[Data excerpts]

━━━━━━━━━━

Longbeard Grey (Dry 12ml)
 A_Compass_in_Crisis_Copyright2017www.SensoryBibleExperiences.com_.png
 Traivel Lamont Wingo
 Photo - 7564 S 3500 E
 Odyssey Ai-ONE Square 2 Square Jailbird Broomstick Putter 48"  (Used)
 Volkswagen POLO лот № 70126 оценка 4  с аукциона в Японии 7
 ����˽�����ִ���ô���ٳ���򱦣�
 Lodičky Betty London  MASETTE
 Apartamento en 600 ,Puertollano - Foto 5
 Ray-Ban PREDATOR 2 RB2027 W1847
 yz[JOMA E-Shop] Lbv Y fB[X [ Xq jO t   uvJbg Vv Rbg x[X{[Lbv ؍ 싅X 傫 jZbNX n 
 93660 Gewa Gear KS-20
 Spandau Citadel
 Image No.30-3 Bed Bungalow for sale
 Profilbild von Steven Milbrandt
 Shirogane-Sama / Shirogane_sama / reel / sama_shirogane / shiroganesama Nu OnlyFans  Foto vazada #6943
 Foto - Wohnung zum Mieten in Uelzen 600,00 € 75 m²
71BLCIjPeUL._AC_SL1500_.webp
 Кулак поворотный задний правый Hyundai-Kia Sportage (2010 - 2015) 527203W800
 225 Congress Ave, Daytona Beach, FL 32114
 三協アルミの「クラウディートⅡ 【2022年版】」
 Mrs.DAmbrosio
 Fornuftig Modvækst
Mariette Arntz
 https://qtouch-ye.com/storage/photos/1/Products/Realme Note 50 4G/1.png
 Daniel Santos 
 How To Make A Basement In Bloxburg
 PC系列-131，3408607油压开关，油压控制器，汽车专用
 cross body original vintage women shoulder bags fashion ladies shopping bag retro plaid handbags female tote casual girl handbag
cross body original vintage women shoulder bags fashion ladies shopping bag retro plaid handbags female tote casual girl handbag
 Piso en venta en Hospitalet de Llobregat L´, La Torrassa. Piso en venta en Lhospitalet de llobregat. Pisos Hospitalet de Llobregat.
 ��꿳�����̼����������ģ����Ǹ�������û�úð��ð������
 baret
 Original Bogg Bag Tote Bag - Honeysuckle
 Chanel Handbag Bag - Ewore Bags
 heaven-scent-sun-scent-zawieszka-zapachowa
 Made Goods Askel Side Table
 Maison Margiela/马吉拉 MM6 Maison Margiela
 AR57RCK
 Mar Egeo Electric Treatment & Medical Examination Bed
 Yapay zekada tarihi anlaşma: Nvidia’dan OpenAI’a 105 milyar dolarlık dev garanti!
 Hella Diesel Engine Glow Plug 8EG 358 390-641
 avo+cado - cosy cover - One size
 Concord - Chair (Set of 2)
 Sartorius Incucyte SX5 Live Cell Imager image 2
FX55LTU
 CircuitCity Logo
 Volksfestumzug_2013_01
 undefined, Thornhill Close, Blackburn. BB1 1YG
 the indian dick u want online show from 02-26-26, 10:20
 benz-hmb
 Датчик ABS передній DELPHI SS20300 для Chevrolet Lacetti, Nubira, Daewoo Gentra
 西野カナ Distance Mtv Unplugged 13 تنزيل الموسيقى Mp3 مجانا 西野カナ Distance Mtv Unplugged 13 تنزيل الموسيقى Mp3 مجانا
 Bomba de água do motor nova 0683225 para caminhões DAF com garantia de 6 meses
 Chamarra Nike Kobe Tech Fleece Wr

━━━━━━━━━━

Each line of the entries above that has the word "fashion" is to be copied.

 cross body original vintage women shoulder bags fashion ladies shopping bag retro plaid handbags female tote casual girl handbag
cross body original vintage women shoulder bags fashion ladies shopping bag retro plaid handbags female tote casual girl handbag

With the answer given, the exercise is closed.